Colin est amoureux : du Jazz, de l'amour et de Chloé qui est le grand amour de sa vie. Il hait profondément le travail et la violence.
Chloé est le symbole de la féminité : belle, attirante, douche et fragile. Elle se marie avec Colin et prend froid au cours de la cérémonie. Le médecin est formel : un nénuphar ronge le poumon droit de Chloé. Le remède préconisé est de l'entourer de fleurs. Colin va également se ruiner pour soigner son amour, allant jusqu'à travailler, le tout en vain... Il ne parvient pas à la guérir de ce nénuphar dévorant de poumon. Chloé est condamnée.
Parmi leur entourage, se trouve Alise. Amoureuse de Chick et grande sentimental, elle est pleine de compassion pour son amie malade.
Un autre personnage atypique est Nicolas, le cuisinier de Colin et l'oncle d'Alise. C'est un ami fidèle de Colin et l'amant d'Isis, différente des autres car bourgeoise. Elle n'a pas de soucis d'argent.
Et enfin, la souris... la petite souris qui habite chez Colin qui tente de rendre la maison de Colin plus lumineuse, comme au début de l'histoire, comme avant la maladie de Chloé, comme l'effondrement de la fortune de Colin, comme avant que cette maison ne rétrécisse et ne s'obscurcisse au fil de l'histoire, de la maladie, de la ruine...

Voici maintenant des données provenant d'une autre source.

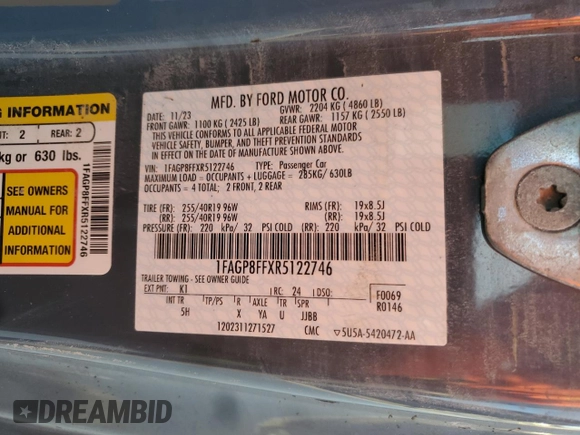 2024 Ford Mustang GT Premium with VIN 1FAGP8FFXR5122746, listed as a Copart auction lot 75269924 with Not provided miles and Non repairable. Bid and sale history available at DreamBid. Image 13.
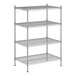 A wireframe Regency stainless steel shelving unit with four shelves.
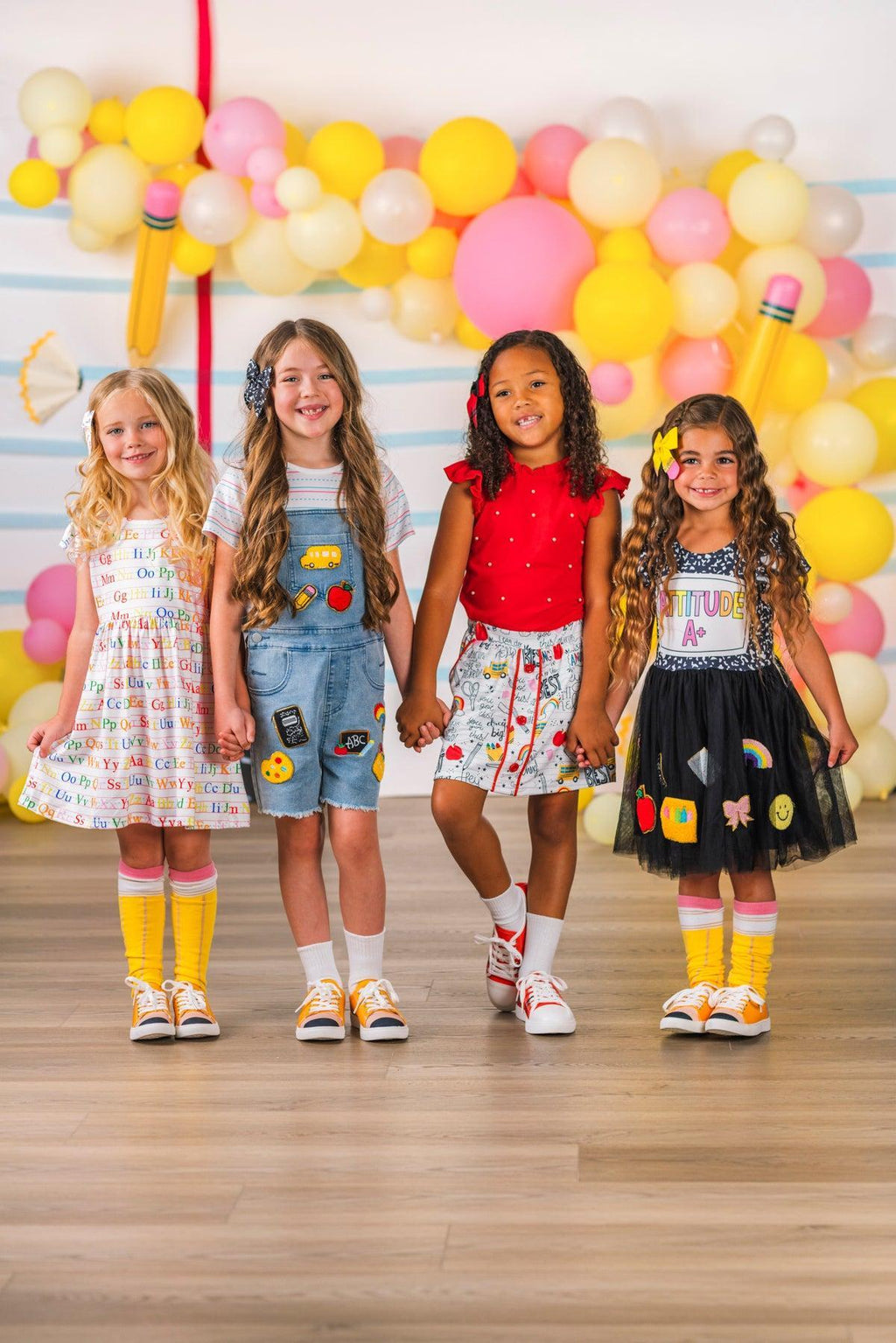 School Patch Denim Overall Set | Sparkle in Pink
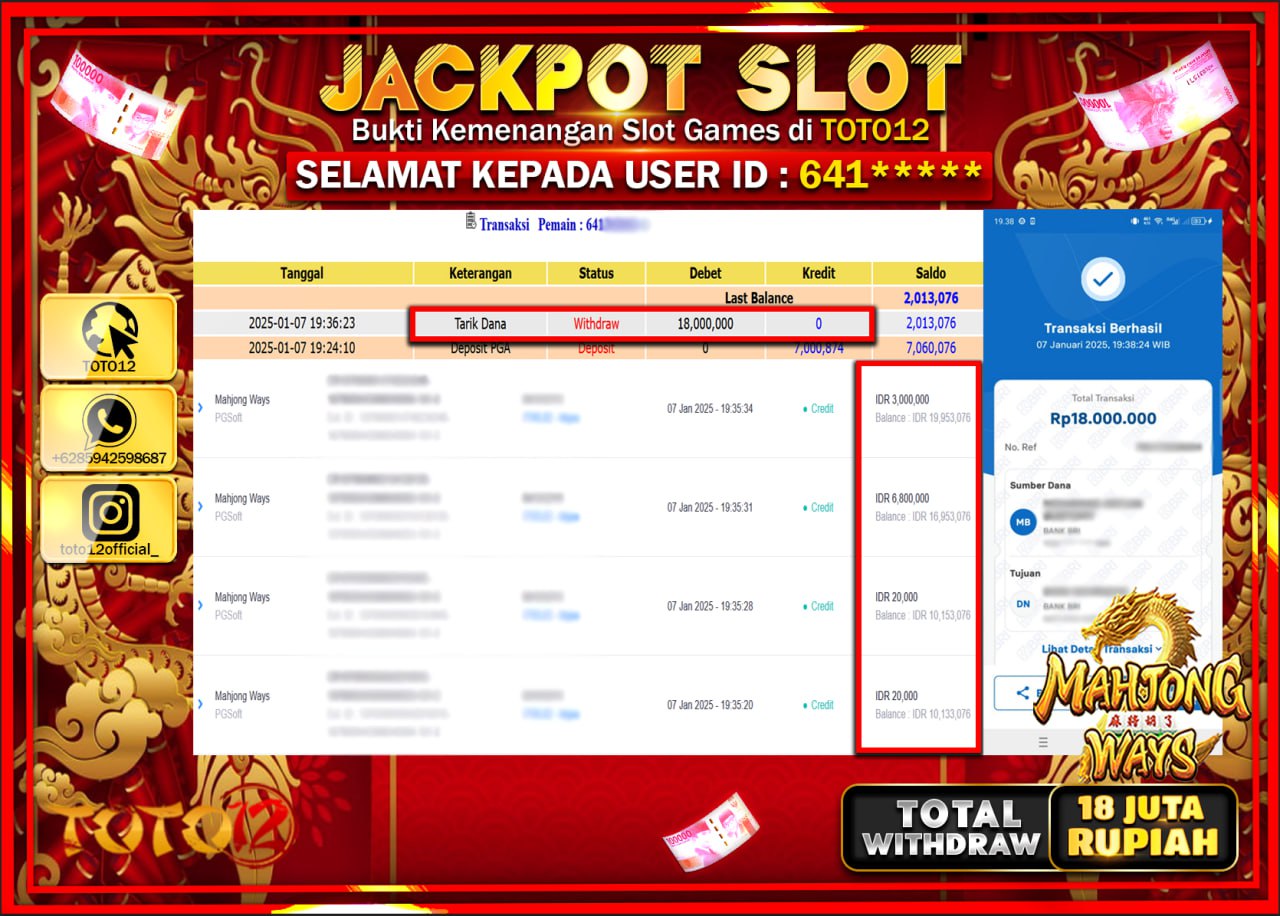 HANYA DI TOTO12 JP PASTI DI BAYAR LUNAS DAN CEPAT!!!!!! JACKPOT SLOT GAME (MAHJONG WAYS) Rp.18.000.000 !!!!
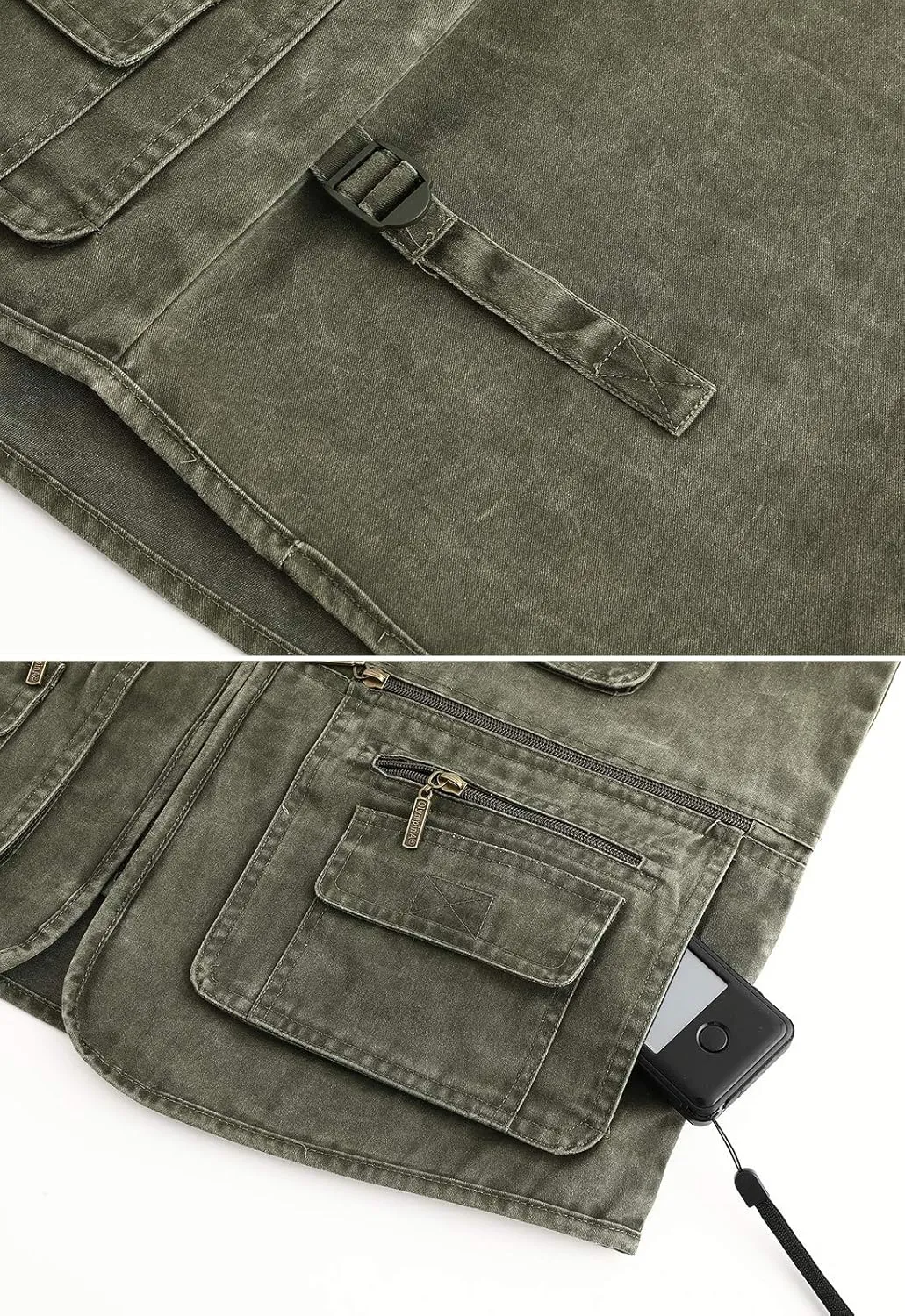 Mens Safari Travel Photo Vest Outdoor Fishing Multi Pocket Jacket Beige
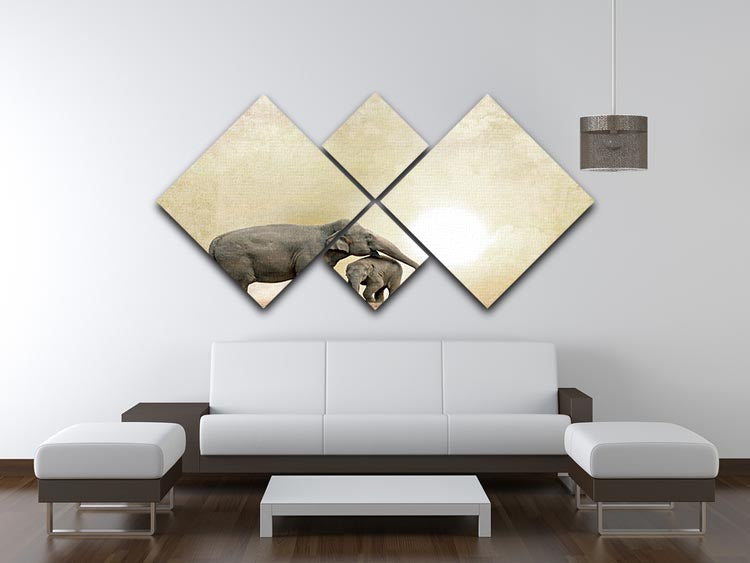 A stunning 4-square multi-panel canvas featuring elephants on a textured grunge background, ideal for home decor.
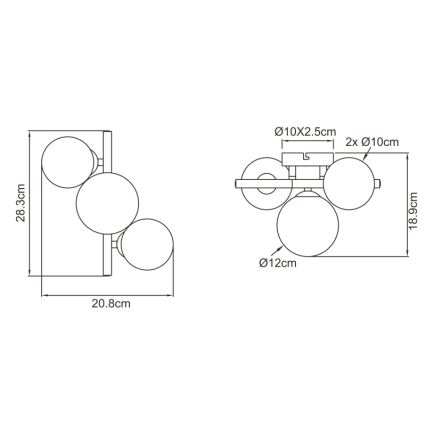 Globo - Пристельова LED люстра RIHA 3xG9/3,5W/230V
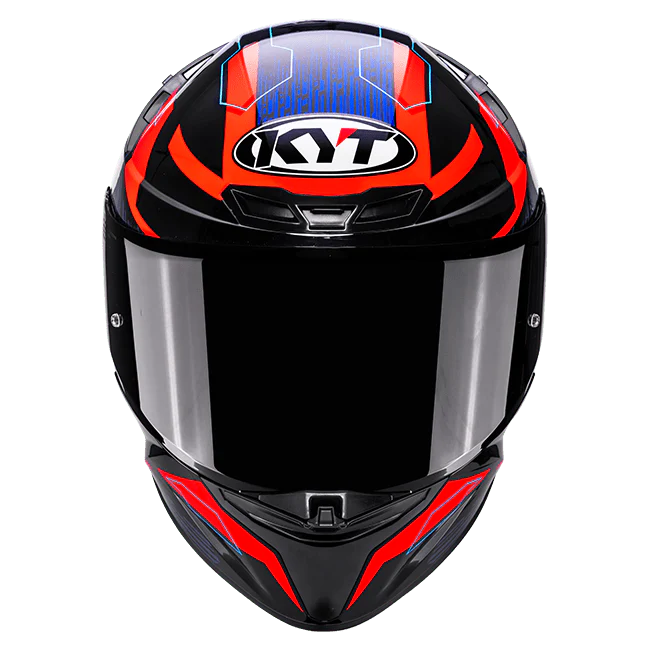 KYT TT-Revo Helm Speeding Schwarz / Rot / Blau Y6TR0053 - Image 2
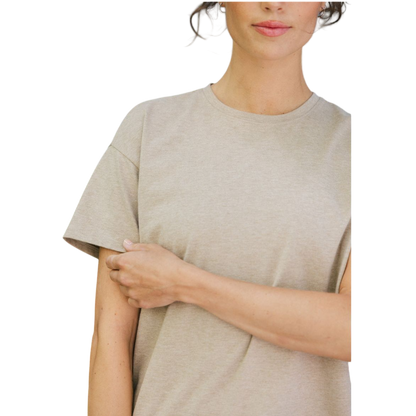 Woman wearing black tee with white background |Color:Jet Black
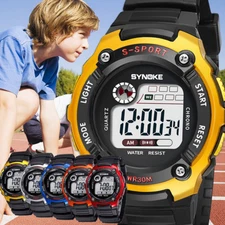 Kids Child Boy Girl Waterproof Multifunction Sports Electronic Watch Watches USA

J'avais lu L'écume des jours adolescente comme beaucoup d'entre nous. Je l'ai relu pour le Club et ai éprouvé le même plaisir. Ma compréhension a toutefois évolué (âge, étude aidant) mais mon avis ne change pas : il reste pour moi l'un plus beaux romans d'amour avec "Belle du seigneur" que j'ai pu lire.
Le charme de ce roman est dû à l'extraordinaire et exceptionnelle habileté de Vian à nous faire entrer naturellement, sans étonnement dans un monde qui nous enchante, nous amuse et nous bouleverse à la fois. L'Ecume des jours conjugue la pureté des sentiments, la féerie du langage, l'insolence de l'amour. Vian est un inventeur de mots et de situations cocasses, il est capable également de saisir la gravité de l'amour et de la mort en neutralisant l'amertume de sa réflexion sur le destin par l'espièglerie du langage et le merveilleux des situations. Il nous plonge dans un monde absurde cruel comme la société contemporaine et pourtant tendre comme l'âme des adolescents.
A noter le clin d'oeil à Sartre, dont Vian était l'ami.
J'ai travaillé cette chronique longtemps, cherchant les allégories et les symboles, cherchant à argumenter, fouinant dans la vie de Vian, le surréalisme et tutti quanti. Ce matin, je me suis dit pourquoi faire compliqué , je ne suis pas une littéraire, aimer lire ne suffit-il pas ? Et effectivement exprimer mon ressenti est déjà pas mal.
Ne passez pas à côté de ce roman magnifique et qui mérite largement de faire parti de nos classiques littéraires. Lisez, laissez vous aller et savourez.